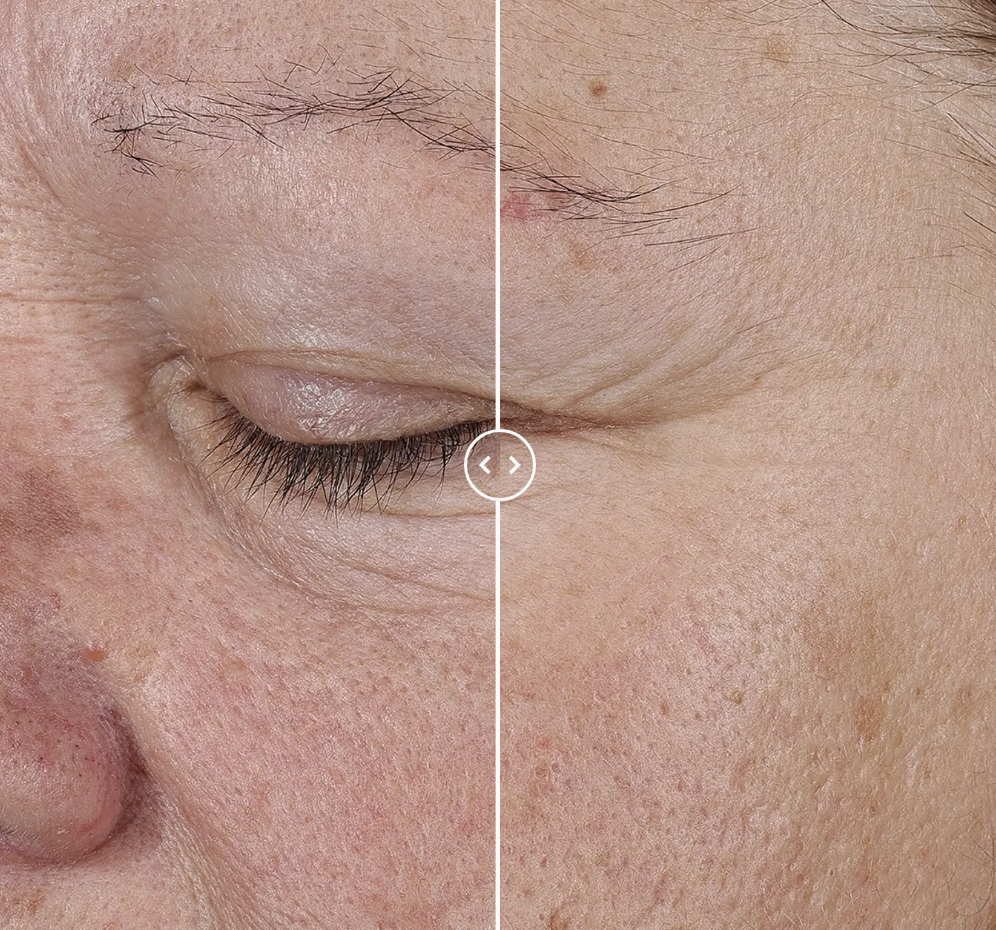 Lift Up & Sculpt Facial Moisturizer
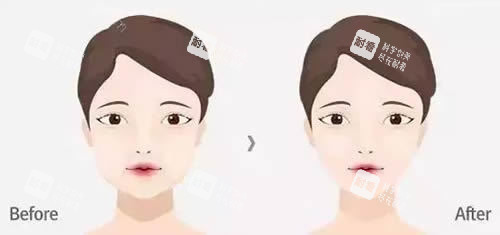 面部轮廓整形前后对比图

---

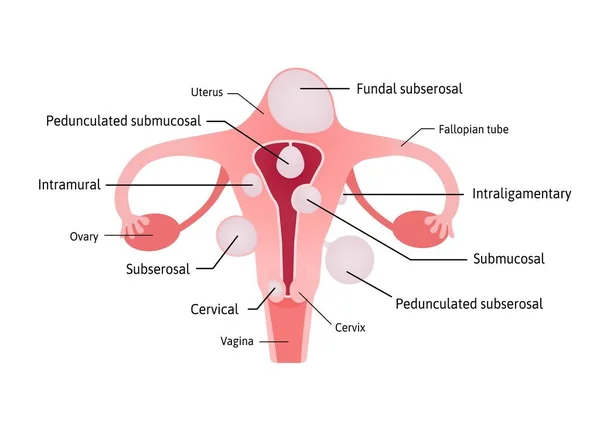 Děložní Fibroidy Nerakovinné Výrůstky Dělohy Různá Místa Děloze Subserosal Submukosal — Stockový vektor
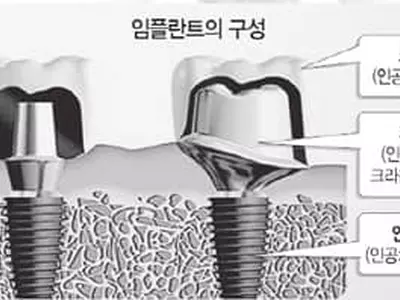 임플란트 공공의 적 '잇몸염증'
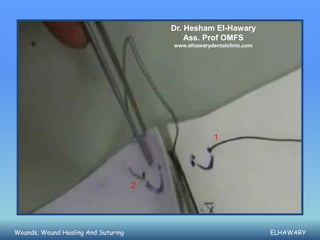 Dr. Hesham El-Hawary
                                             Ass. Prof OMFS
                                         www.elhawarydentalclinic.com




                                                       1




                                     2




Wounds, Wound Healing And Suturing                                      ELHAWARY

==

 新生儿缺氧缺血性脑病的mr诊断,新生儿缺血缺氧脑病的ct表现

Exercise description -> Above are the records; copy from them only the lines starting at the one containing "Lift Up & Sculpt Facial Moisturizer" and ending at the one containing "面部轮廓整形前后对比图", exactly and without pictures.

Answer space ->
 Lift Up & Sculpt Facial Moisturizer
 面部轮廓整形前后对比图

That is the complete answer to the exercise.